Bug #75695 Use of worst_seeks in find_best_ref() can lead to wrong query plan
Submitted: 30 Jan 2015 8:36 Modified: 17 Apr 2015 19:53
Reporter: Olav Sandstå Email Updates:
Status: Closed Impact on me:
None 
Category:MySQL Server: Optimizer Severity:S3 (Non-critical)
Version:5.7.5 OS:Any
Assigned to: CPU Architecture:Any

[30 Jan 2015 8:36] Olav Sandstå
Description:
There is a bug in how the optimizer uses the worst_seeks variable when
limiting the cost of a key lookup. The variable worst_seeks is
initialized to have a _cost estimate_ but it is used as a _block
estimate_ when calculating the cost of key lookup in
Optimize_table_order::find_best_ref(). This does not have any impact
with the default cost constant values since the cost of a block access
is 1.0 but if we change the cost of block access this can impact the
cost of doing ref access versus other access methods.

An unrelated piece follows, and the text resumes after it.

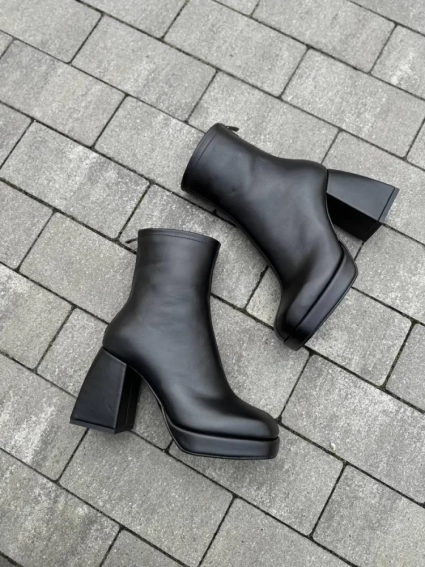 Ботильоны женские кожаные черные на каблуке демисезонные фото 24 — интернет-магазин Tapok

Example: For a query like this:

  SELECT i2 FROM t1 WHERE i1 = 1 AND i2 = 1;

if we have an index on i1, this query can be executed using ref access. But if we double the values for all cost constants, due to the error in use of worst_seeks, the cost for ref access is more than doubled and can cause this query to be executed as a table scan (see details in the how-to-repeat section).

How to repeat:
Repro case:

CREATE TABLE t1 (
  pk INTEGER PRIMARY KEY,
  i1 INTEGER,
  i2 INTEGER,
  KEY(i1)
) ENGINE=InnoDB;

INSERT INTO t1 VALUES (1, 1, 1), (2, 1, 1),(3, 1, 1),(4, 1, 1),
                      (5, 2, 1), (6, 2, 1),(7, 2, 1),(8, 2, 1),
                      (9, 3, 1), (10, 3, 1),(11, 3, 1),(12, 3, 1);

ANALYZE TABLE t1;

# Verify that this is executed using ref access
EXPLAIN FORMAT=JSON SELECT i2 FROM t1 WHERE i1 = 1 AND i2 = 1;

# Multiply all relevant constants for the server by two:

UPDATE mysql.server_cost
SET cost_value=0.4
WHERE cost_name="row_evaluate_cost";

UPDATE mysql.engine_cost
SET cost_value=2.0
WHERE cost_name="io_block_read_cost";

FLUSH OPTIMIZER_COSTS;

# In a new connection, re-run the same query.
# This should still be executes as ref-access and the query cost should
# be two times as high as previous. But the query cost is increased by more
# and this has caused the query plan to change to use table scan.
EXPLAIN FORMAT=JSON SELECT i2 FROM t1 WHERE i1 = 1 AND i2 = 1;

Suggested fix:
Change the code in Optimize_table_order::find_best_ref() to use worst_seeks as a cost estimate instead of a block estimate.
[17 Apr 2015 19:53] Paul DuBois
Noted in 5.7.8, 5.8.0 changelogs.

Nonoptimal cost estimates for key lookups could cause some queries to
be executed with a table scan rather than key lookups.